_DATA EXTRACT_:
···

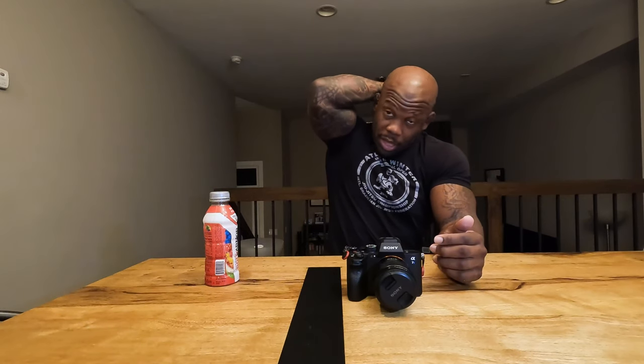I also use a gimbal — the DJI Ronin SC — and one of my concerns was whether this setup's weight could handle the payload. Honestly, it does just fine. I've used the Ronin in some crazy situations, tried some crazy angles and movements, and it's worked out. The Ronin handles it well; the payload is fine for this lens and body combination.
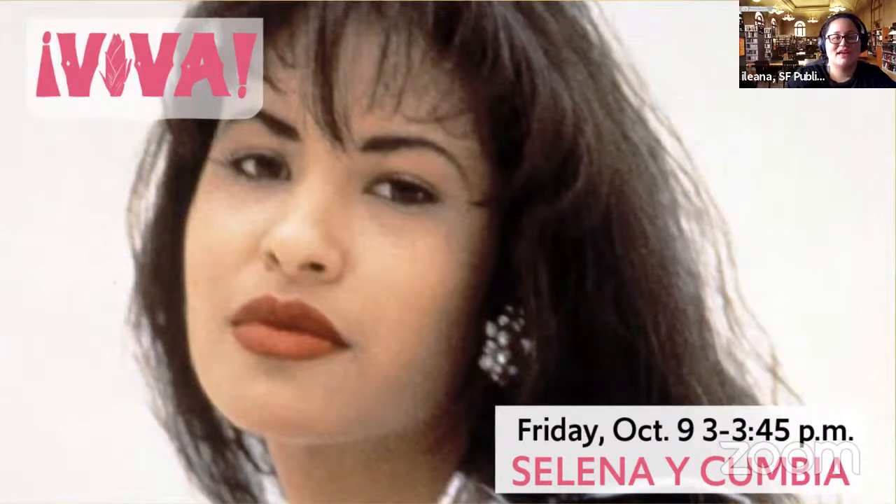Welcome, hi everybody, good afternoon. Come on in, get comfy, have your supplies ready. We'll get started pretty soon. Good afternoon. My name is Ileana, and I'm a librarian at the San Francisco Public Library in California on the unceded land of the Ramatush Ohlone peoples. Wherever you're tuning in from, we're very happy to have you with us today. Thanks for joining us, and welcome to our Viva Craft Series for Youth with Alejandra Ramirez.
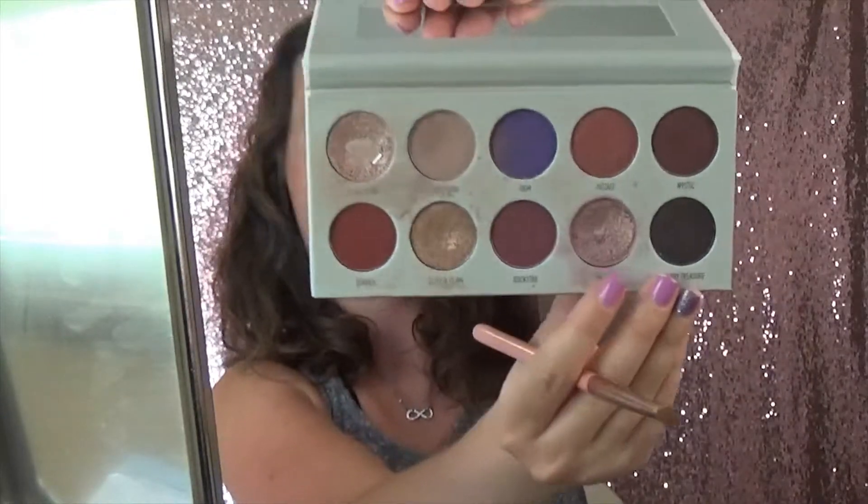I'll be going in with this shimmery purple shade right there as the overall lid shade. You guys like my new background? Should I try something new? I'm going in with this.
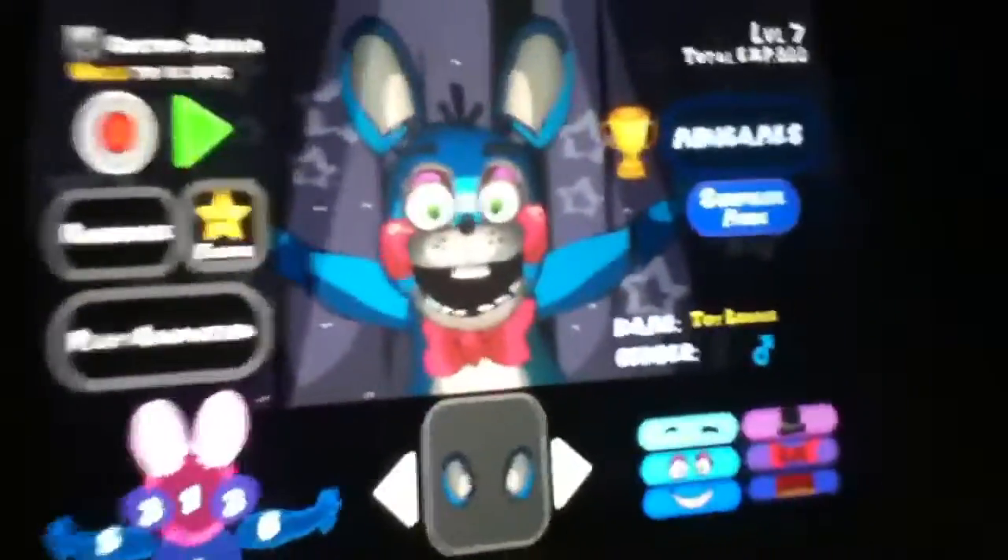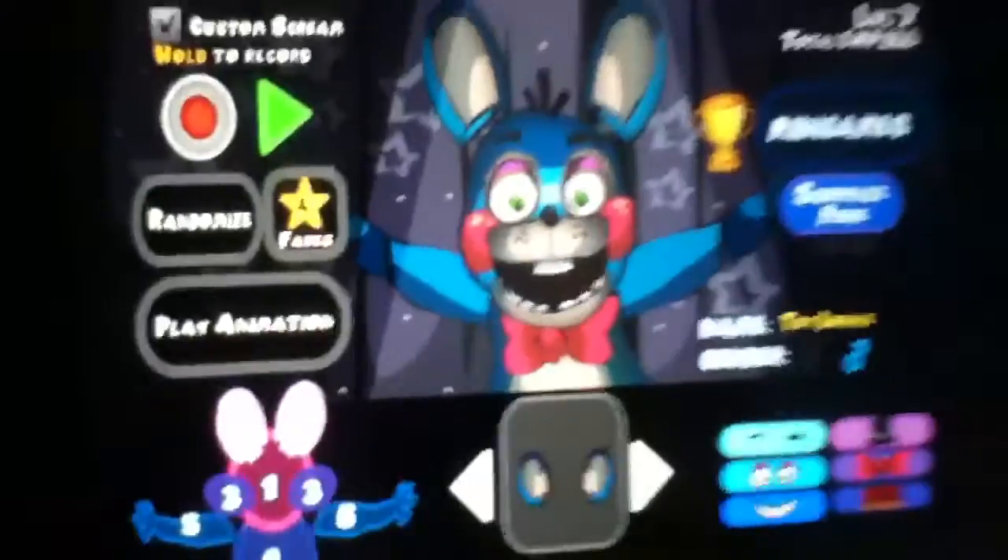So that was Jump Scare Factory. Please like and subscribe guys. I really like that. It's a game that costs quite a lot in the App Store, but it's a pretty cool fan game. So bye.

···

_WHAT YOU SHOULD DO_: From start to finish, output the listing exactly, but omit its pictures.

_ANSWER FOR THIS EXERCISE_:
I also use a gimbal — the DJI Ronin SC — and one of my concerns was whether this setup's weight could handle the payload. Honestly, it does just fine. I've used the Ronin in some crazy situations, tried some crazy angles and movements, and it's worked out. The Ronin handles it well; the payload is fine for this lens and body combination.
Welcome, hi everybody, good afternoon. Come on in, get comfy, have your supplies ready. We'll get started pretty soon. Good afternoon. My name is Ileana, and I'm a librarian at the San Francisco Public Library in California on the unceded land of the Ramatush Ohlone peoples. Wherever you're tuning in from, we're very happy to have you with us today. Thanks for joining us, and welcome to our Viva Craft Series for Youth with Alejandra Ramirez.
I'll be going in with this shimmery purple shade right there as the overall lid shade. You guys like my new background? Should I try something new? I'm going in with this.
So that was Jump Scare Factory. Please like and subscribe guys. I really like that. It's a game that costs quite a lot in the App Store, but it's a pretty cool fan game. So bye.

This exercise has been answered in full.